Space will be dedicated to health (e.g. diagnostics), financial, technology, home energy, transportation, and more. The key will be to link these services to the retailer’s overall offering.

8. Showroom

E-commerce and price comparison apps are turning some retailers into showrooms. Some retailers will embrace this and convert their space or open new formats to take advantage of it, enabling big box retailers to manage inventory risk with space productivity or online retailers like Taobao to have a physical presence.

These showrooms will have little or no inventory and will offer options for ordering and delivering to home, the store, or a third party location.

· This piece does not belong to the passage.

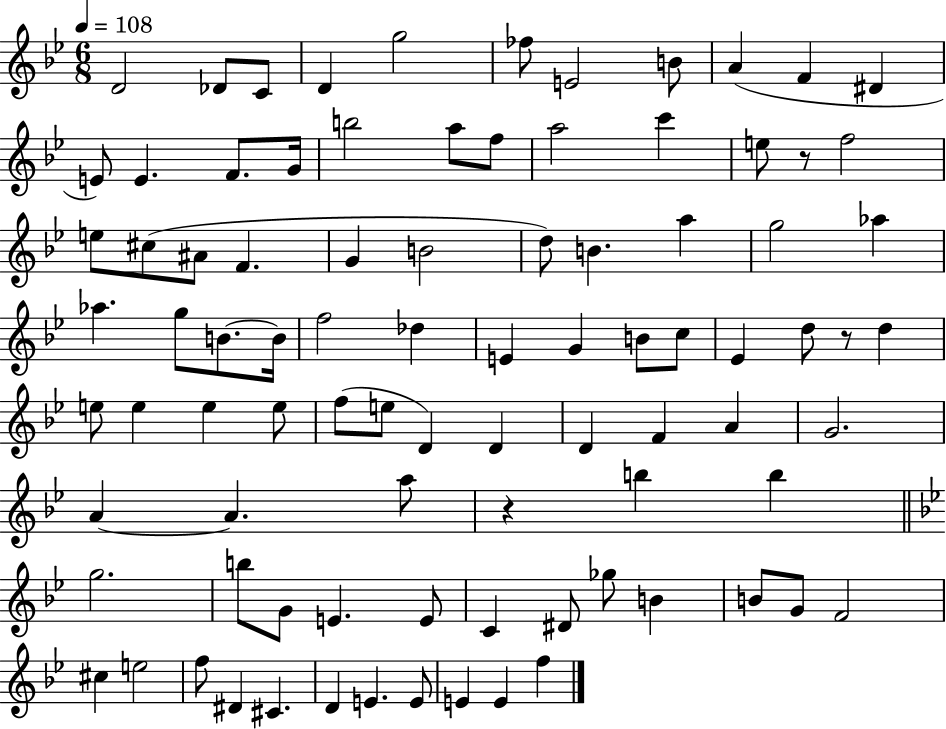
D4/h Db4/e C4/e D4/q G5/h FES5/e E4/h B4/e A4/q F4/q D#4/q E4/e E4/q. F4/e. G4/s B5/h A5/e F5/e A5/h C6/q E5/e R/e F5/h E5/e C#5/e A#4/e F4/q. G4/q B4/h D5/e B4/q. A5/q G5/h Ab5/q Ab5/q. G5/e B4/e. B4/s F5/h Db5/q E4/q G4/q B4/e C5/e Eb4/q D5/e R/e D5/q E5/e E5/q E5/q E5/e F5/e E5/e D4/q D4/q D4/q F4/q A4/q G4/h. A4/q A4/q. A5/e R/q B5/q B5/q G5/h. B5/e G4/e E4/q. E4/e C4/q D#4/e Gb5/e B4/q B4/e G4/e F4/h C#5/q E5/h F5/e D#4/q C#4/q. D4/q E4/q. E4/e E4/q E4/q F5/q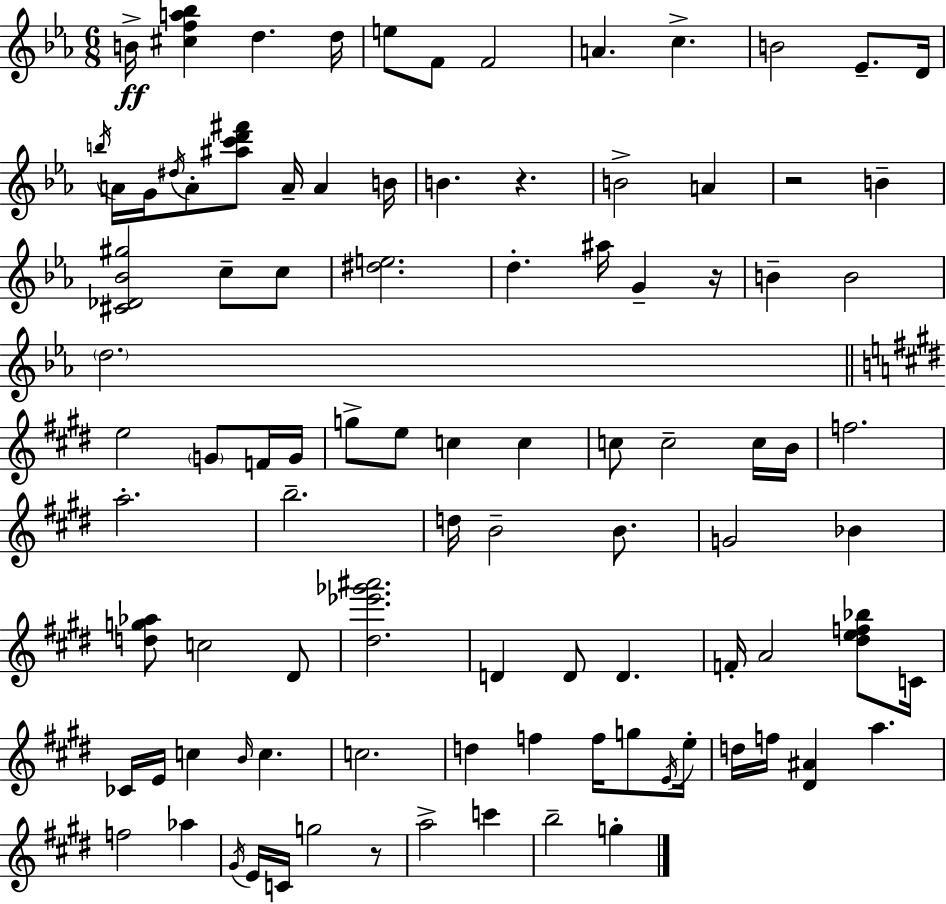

Some retailers have recently experimented with this strategy, like Taobao in China and Walmart in the US. The key will be to create a compelling enough mix of products, service, and fulfillment options to make the approach pay out.

9. Social Space


While nothing new, providing social space in the store will become more popular. By having places for people to just hang out–bars, restaurants, coffee shops–retailers can get shoppers to spend more time in their stores. Ikea has taken an interesting approach and opened a Manland, offering guys a place to hang out while their significant others shop. Manland features arcade games, comfortable sofas, magazines, video games, and free hot dogs.

10. Store-Within-a-Store


Renting space to trip-driving brands within big box stores is likely to become extremely popular over the next few years. Target just announced that they will be taking this approach with Apple as well as local boutique shops across the country. Look for retailers to take a highly rotational/seasonal approach with these mini-stores and focus on showcasing innovation.

What other strategies have you seen? Why do you think shoppers will still visit stores?